So far neither Alison nor Larry was alerted to my presence. Maybe the smell prevented it. I had been here before and knew that the hallway led to the bedroom led to the bathroom.

  I hadn’t seen a firearm, at least not in the bathroom. And I didn’t want to approach Alison with mine pointed at her. It sends the wrong kind of message when you’re trying to negotiate. I put mine in my back waistband. In the bedroom I noticed a heavy comforter on the bed, and I grabbed it, doubling and doubling it again as quietly as I could. I’d seen this sort of thing with K-9 trainers and thought it should work. I wasn’t sure when Larry would hear or smell me and shift his focus from Erroll in the bathtub.

  Not a moment too soon.

  Larry appeared at the bedroom door, his lips now curled up over teeth that were meant for me. He didn’t look much like a therapy dog right now. Then Alison was behind him, her thoughts so hard in her eyes I couldn’t tell if she saw me or not.

  Maybe the comforter wasn’t enough.

  We stood-off like that until I was aware of Laura standing beside me. I felt her reach behind me and pull out my pistol. “Don’t,” I tried to say without moving my lips too much and setting Larry off. But Laura did anyway.

  So I hissed out of the corner of my mouth, “Shoot the dog,” and backed up a bit out of the bedroom into the hallway.

  “I can’t shoot the dog,” Laura hissed back.

  That was enough for Larry. Without waiting for a signal from his mistress, he attacked.

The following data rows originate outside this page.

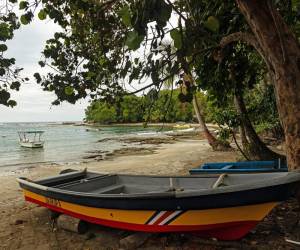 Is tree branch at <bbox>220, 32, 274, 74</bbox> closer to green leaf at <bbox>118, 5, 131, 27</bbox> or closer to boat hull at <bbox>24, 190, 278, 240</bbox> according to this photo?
boat hull at <bbox>24, 190, 278, 240</bbox>

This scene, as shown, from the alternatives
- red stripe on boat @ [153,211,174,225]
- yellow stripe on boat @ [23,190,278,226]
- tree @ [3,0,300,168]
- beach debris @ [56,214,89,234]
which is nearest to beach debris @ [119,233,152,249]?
yellow stripe on boat @ [23,190,278,226]

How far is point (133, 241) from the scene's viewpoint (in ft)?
16.3

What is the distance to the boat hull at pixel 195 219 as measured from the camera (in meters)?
4.39

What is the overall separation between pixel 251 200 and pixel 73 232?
3398mm

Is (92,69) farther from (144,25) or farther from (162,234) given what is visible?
(144,25)

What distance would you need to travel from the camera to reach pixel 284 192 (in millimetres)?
4102

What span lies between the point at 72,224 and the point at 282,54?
15.2 feet

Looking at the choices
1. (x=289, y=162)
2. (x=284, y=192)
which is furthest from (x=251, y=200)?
(x=289, y=162)

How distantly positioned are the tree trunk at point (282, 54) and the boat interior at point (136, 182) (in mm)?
1102

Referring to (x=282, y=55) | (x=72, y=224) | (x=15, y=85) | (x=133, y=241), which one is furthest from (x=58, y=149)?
(x=282, y=55)

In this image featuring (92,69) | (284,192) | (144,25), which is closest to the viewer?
(144,25)

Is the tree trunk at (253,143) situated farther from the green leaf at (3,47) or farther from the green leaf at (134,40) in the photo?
the green leaf at (134,40)

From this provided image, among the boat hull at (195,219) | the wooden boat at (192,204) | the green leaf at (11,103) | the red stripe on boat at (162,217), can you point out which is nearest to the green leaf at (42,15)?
the green leaf at (11,103)

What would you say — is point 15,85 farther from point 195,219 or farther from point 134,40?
point 134,40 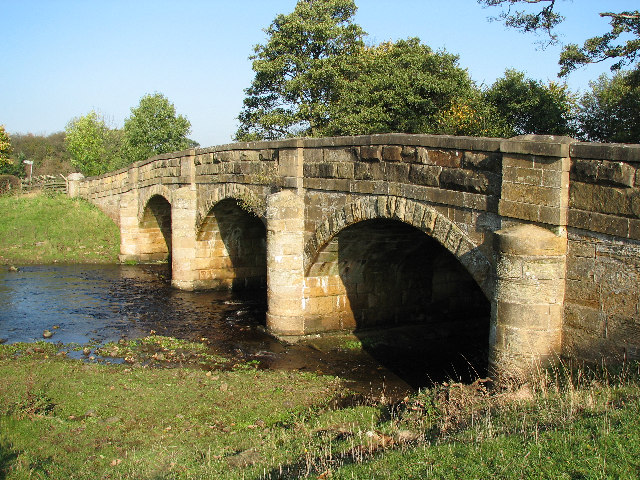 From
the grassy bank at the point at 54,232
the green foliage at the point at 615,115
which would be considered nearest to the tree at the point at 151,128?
the grassy bank at the point at 54,232

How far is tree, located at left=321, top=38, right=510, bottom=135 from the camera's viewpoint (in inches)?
1014

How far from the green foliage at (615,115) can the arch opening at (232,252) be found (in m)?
13.2

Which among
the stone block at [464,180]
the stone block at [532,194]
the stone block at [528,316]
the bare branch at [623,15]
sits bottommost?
the stone block at [528,316]

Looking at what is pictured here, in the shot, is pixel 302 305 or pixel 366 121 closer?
pixel 302 305

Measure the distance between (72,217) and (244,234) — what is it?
13.5 m

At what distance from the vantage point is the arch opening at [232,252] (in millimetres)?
22172

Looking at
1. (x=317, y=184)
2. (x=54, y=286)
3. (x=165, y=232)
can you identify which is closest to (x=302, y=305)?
(x=317, y=184)

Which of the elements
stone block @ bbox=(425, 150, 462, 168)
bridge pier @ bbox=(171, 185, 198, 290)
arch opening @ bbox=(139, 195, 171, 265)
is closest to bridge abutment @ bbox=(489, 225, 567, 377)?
stone block @ bbox=(425, 150, 462, 168)

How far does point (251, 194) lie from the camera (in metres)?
17.2

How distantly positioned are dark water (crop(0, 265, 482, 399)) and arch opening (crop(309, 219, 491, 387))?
8cm

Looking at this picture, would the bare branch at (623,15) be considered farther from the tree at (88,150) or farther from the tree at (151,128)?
the tree at (88,150)

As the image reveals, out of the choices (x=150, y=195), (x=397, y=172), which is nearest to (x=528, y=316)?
(x=397, y=172)

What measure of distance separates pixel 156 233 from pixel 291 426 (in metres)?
21.7

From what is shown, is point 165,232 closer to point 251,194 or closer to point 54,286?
point 54,286
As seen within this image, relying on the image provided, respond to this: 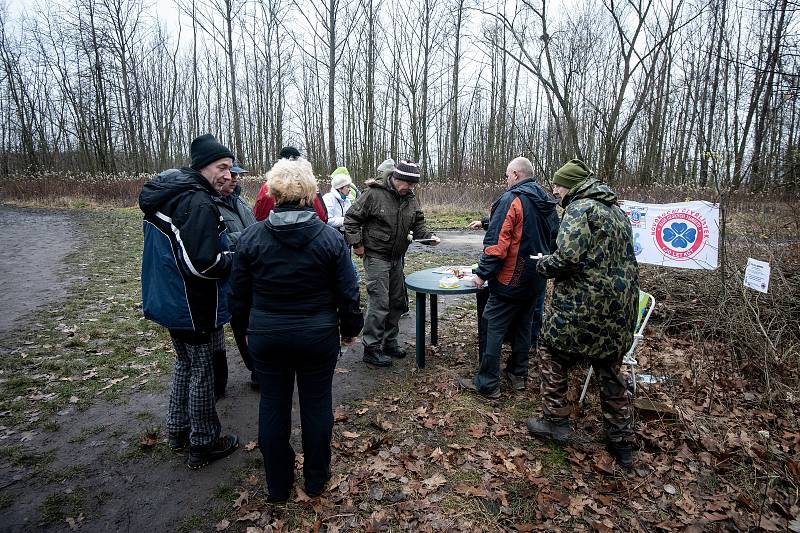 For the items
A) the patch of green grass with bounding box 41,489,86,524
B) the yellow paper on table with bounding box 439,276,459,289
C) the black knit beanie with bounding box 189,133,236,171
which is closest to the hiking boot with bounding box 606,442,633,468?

  Braced for the impact, I met him with my body and kept the padding of the comforter between us. His jaws snapped for my face, close enough to feel his breath. Wrapping the comforter around him felt like putting a straitjacket on a hundred-pound meth tweaker. He nailed me on the forearm, but I was so bent on not getting killed I hardly felt it at the time. Luckily he wasn’t real good at balancing that long on his hind legs, and tripped. I fell on top of him, pinning him on the floor with the whole weight of my body, his teeth brushing my cheek, vaguely hearing Laura shouting, “I’ll shoot the dog! I’ll shoot the dog!”

  I couldn’t have shot the dog either. He wasn’t your basic junkyard dog, he was a colleague. But Alison didn’t know that, and enough of her came back to care for the only family she knew. She couldn’t save the others, but she could save this one.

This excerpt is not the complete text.